Демид Неволин закурил и принялся объяснять:
– Ты думаешь, что это легко и просто, человека штыком на тот свет спровадить? Э-э, нет, брат, ошибаешься! Сначала тебя капралы погоняют с ружьем по плацу, заставят соломенную чучелу колоть, али мешок с песком. Сорок потов с тебя сойдет, руки на ладонях в кровь мозолями собьешь, вот тогда научишься! Тогда так кольнешь штыком неприятеля, что сразу и душа из него вон. Потому как знаешь, куда и с какой силой…
– Ну и многих ты пруссаков заколол, дядя? – спросил Борис Атаров.
– Достаточно, – скромно ответил тот. – Во время сражения не считаешь, а работаешь себе, как, скажем, в поле за сохой землю пашешь… Дело привычное.
– А что, дядька Демид, не ты ли меня подстрелил под крепостью? – лукаво подмигнул казак. – Мы ведь, чай, по разные стороны с тобой были.
– Кто ж его знает, – пожал плечами старый солдат. – Нам приказано: «Пли!», мы и стреляем. А куда пуля залетит, это ты у ней сам разузнай. Пуля – дура…
– Хитер, дядька, ничего не скажешь, – ухмыльнулся Борис. – Пулю-то все равно солдат направляет. А то можно ведь и в воздух пальнуть?..
– А капрал на что? – укоризненно взглянул на него Неволин. – А у капрала палка в руке… Мы, солдаты, люди подневольные.
В спальню заглянула Марфа, сморщилась от табачного дыма, отмахиваясь рукой. Беззлобно посетовала:
– Опять надымил своим табачищем, окаянный! Парню чай свежий воздух надобен, а ты его травишь. Вышел бы на двор.
– Ничего, я ненадолго, – оправдывался солдат. – Зябко-то на улице, Марфуша, ветер из степи свистит, дождь…
Заступился за Неволина и Атаров:
– Пусть сидит, все мне не скучно одному. А дым выветрится, ничего… Я его рукой отгоняю.
Демид Неволин снова вполголоса заговорил:
– Вот я и соображаю: заварили вы, казачки, кашу со своим набеглым царем, а дальше-то что? Признает его Расея? Генералы к нему на поклон придут? А, гляди, армия с турецкого фронта вернется, что тогда? Чуешь, казак, чем пахнет?..
– А тебе не все равно, на чьей стороне помирать? – усмехнулся Борис Атаров. – Что от армии, что от казаков – конец везде один. Пуля-то, сам говоришь, дура! А наше дело служивое…
– Да ты сам не будь дурак, – возразил Неволин. – Одно дело: с честью пасть в бою, не нарушив присягу, а другое – за разбой на виселице болтаться! Есть разница али нет?

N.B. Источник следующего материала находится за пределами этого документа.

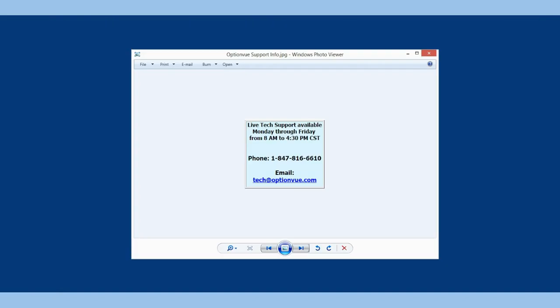Now you should be fully functional with running OptionView using IB. This concludes our demonstration of running OptionView with Interactive Brokers. If you have any questions or would like a transcript of this presentation, please feel free to email us at tech at OptionView.com or call OptionView Tech Support at 847-816-6610. Thanks for listening and have a good day.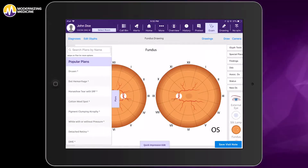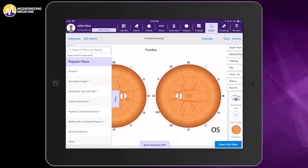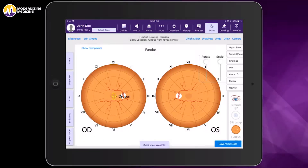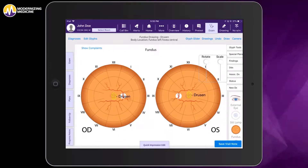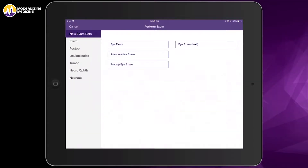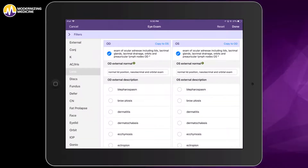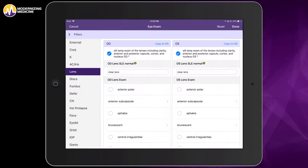On the left-hand side, you can see our adaptive learning engine at work. This list includes the items that I draw most frequently. I'll go ahead and select Drusen, and I'll place those Drusen in the macula of both eyes. Our EHR labels the color drawing and will backfill the finding in the exact location in my exam.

– Мы за вольности наши казацкие бьемся, – не сдавался Борис, горячо доказывал Демиду. – За веру нашу древнюю, православную, за землю, коя кровью наших дедов и прадедов обильно полита, за родные хаты, за матерей и сестер наших… Нам есть за что помирать, солдат. А вот тебе за что? Земли у тебя и в помине нет – кругом барская, семьи с детишками тоже нету, потому как служишь ты двадцать пять лет… Ни кола, ни двора! Только солдатское жалованье, да и то – гроши!
– Правда твоя, казак, – тяжело вздохнув, согласился наконец Неволин. – Что и говори, собачья у нас жизнь… Ан и у вас не мед. Куда ни кинь, везде клин получается…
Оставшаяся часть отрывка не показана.